▶ [DATASET EXCERPTS]
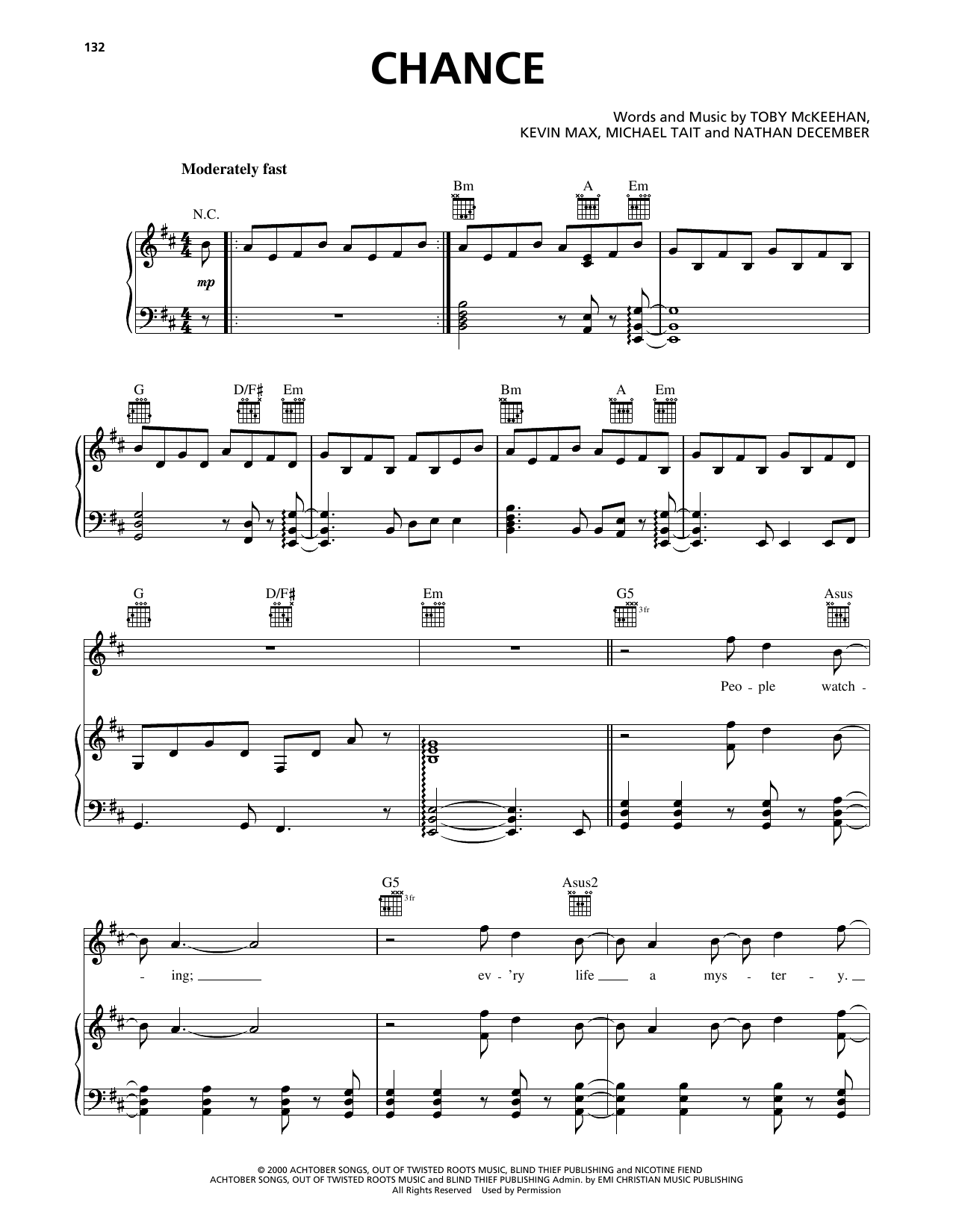 dc Talk Chance sheet music notes and chords arranged for Piano, Vocal & Guitar Chords (Right-Hand Melody)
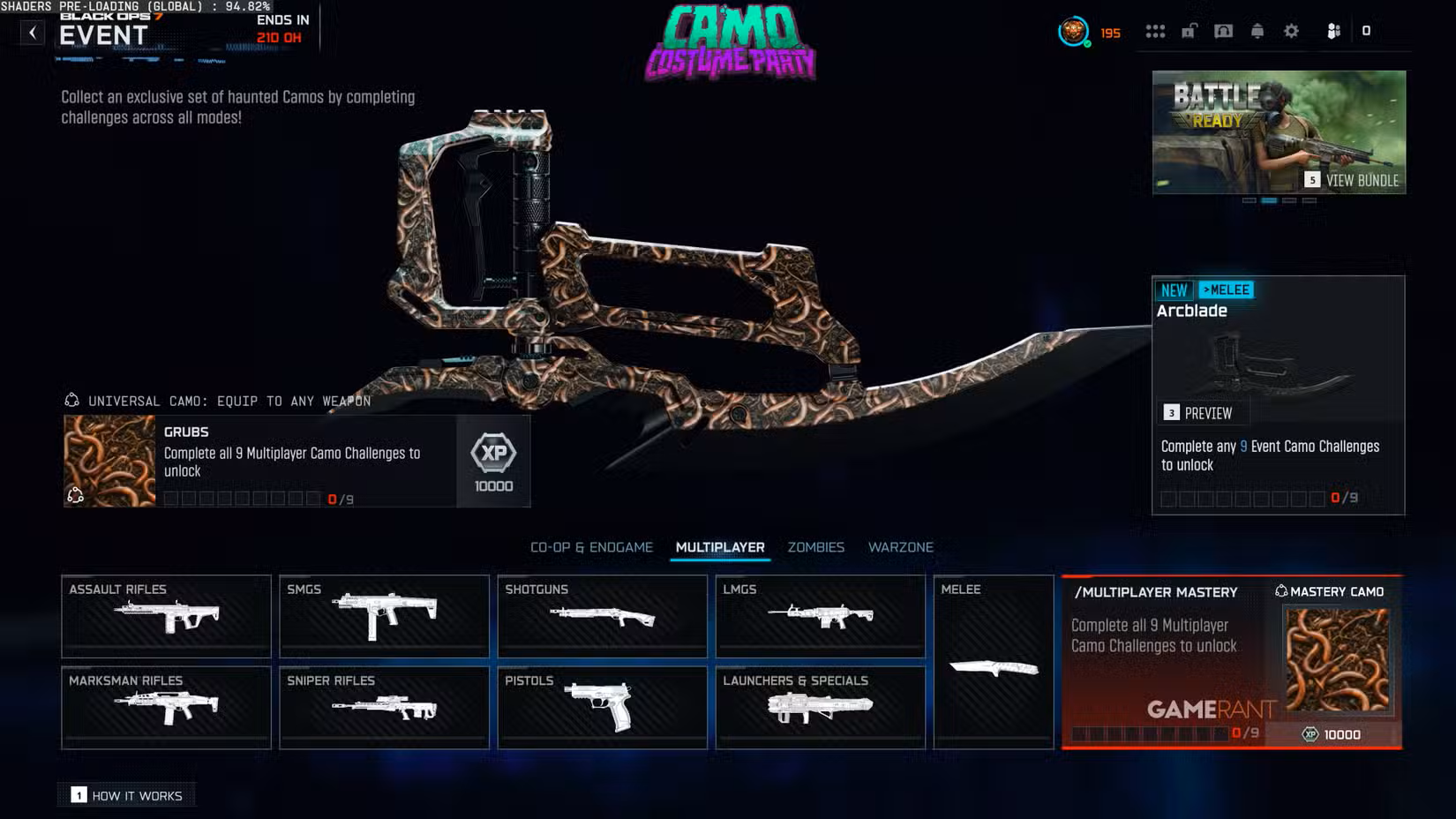 Camos Costume Party Event - Multiplayer Challenges Completion Only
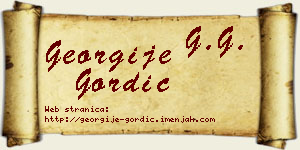 Georgije Gordić vizit kartica
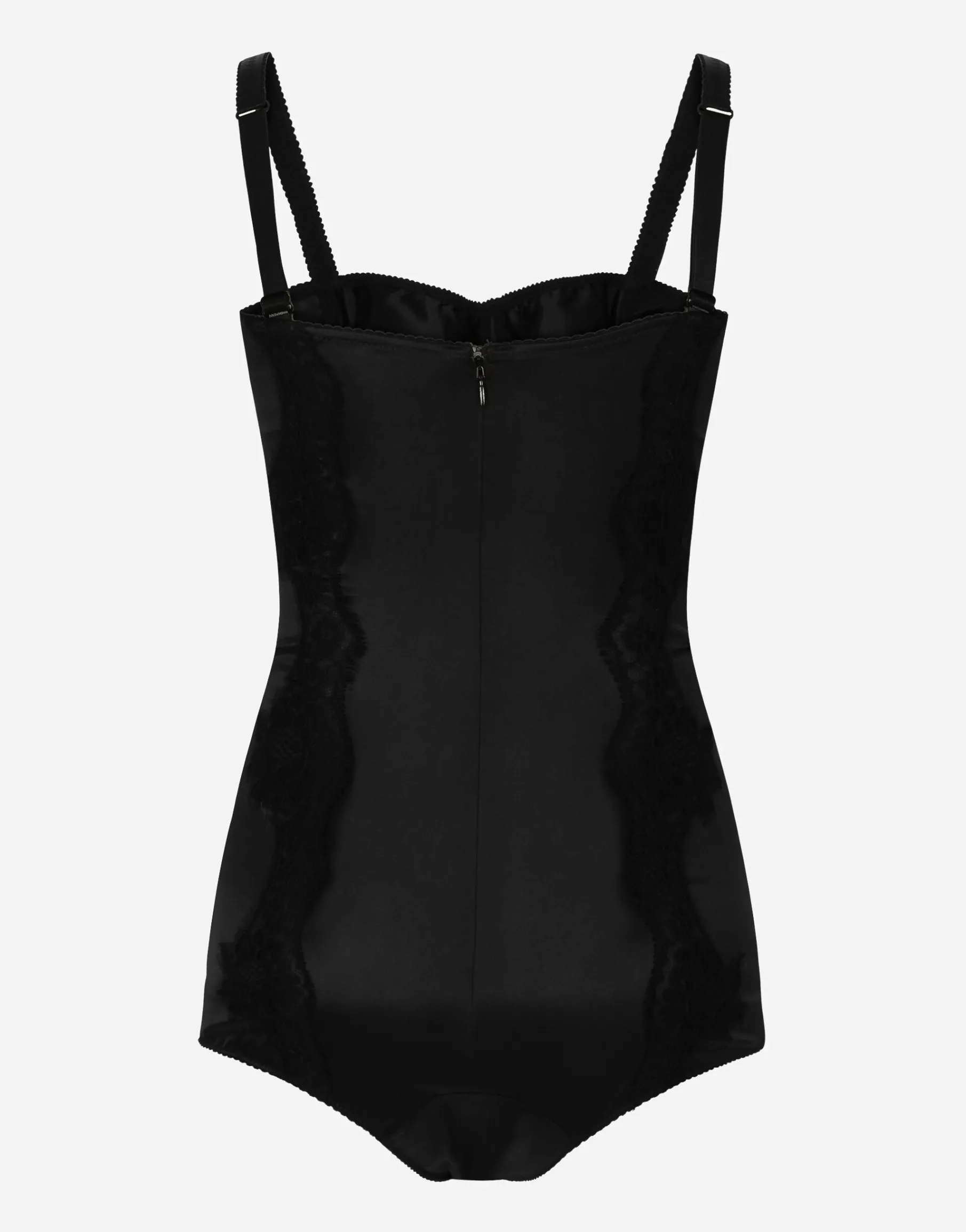 Silk balconette-bra bodysuit with lace detailing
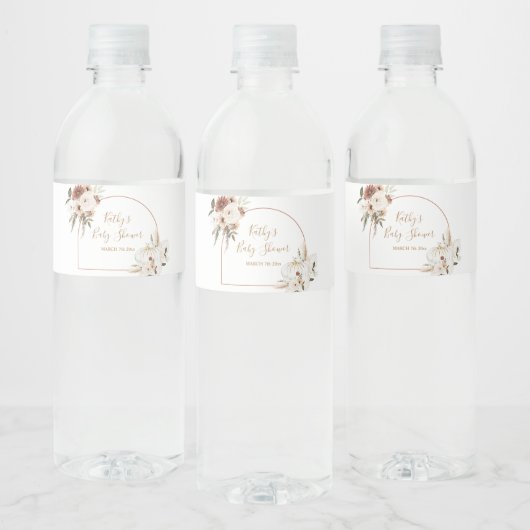 Étiquette Pour Bouteilles D'eau Citrouille Rustique Floral Boho Arch Tomber amoure (Bouteilles)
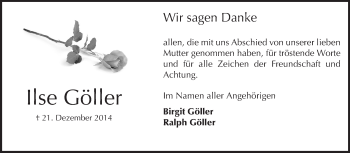 Traueranzeige von Ilse Göller von Echo-Zeitungen (Gesamtausgabe)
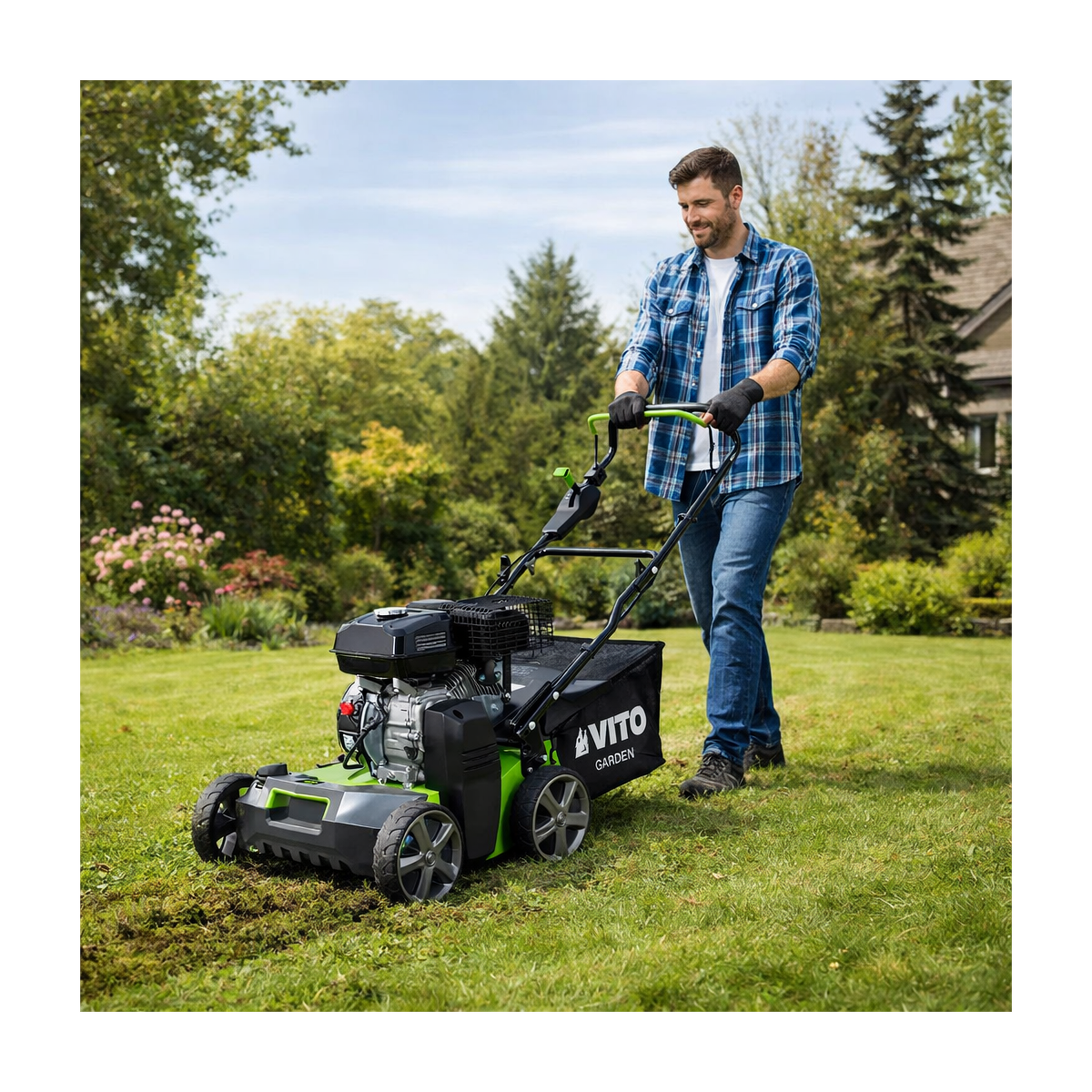 Voir la diapositive 3 : VITO Scarificateur thermique 5,4 cv – scarificateur & démousseur pelouse 2000 m2, largeur 40cm, réglable, bac 45l vito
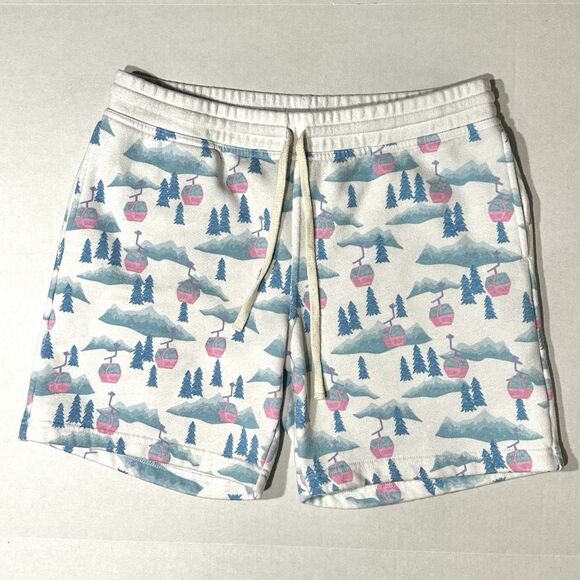 Chubbies Men’s Comfort Shorts Size Large 7” Inseam White Ski Lift Graphic 90's - Picture 1 of 9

▶ [ABOUT THIS TASK]
Working from the data above, repeat exactly, and only, the lines that begin at the line containing "Camos Costume Party" and stop after the line containing "Voir la diapositive"; pictures are not copied.

▶ [EXERCISE SOLUTION]
 Camos Costume Party Event - Multiplayer Challenges Completion Only
 Georgije Gordić vizit kartica
 Silk balconette-bra bodysuit with lace detailing
 Étiquette Pour Bouteilles D'eau Citrouille Rustique Floral Boho Arch Tomber amoure (Bouteilles)
 Traueranzeige von Ilse Göller von Echo-Zeitungen (Gesamtausgabe)
 Voir la diapositive 3 : VITO Scarificateur thermique 5,4 cv – scarificateur & démousseur pelouse 2000 m2, largeur 40cm, réglable, bac 45l vito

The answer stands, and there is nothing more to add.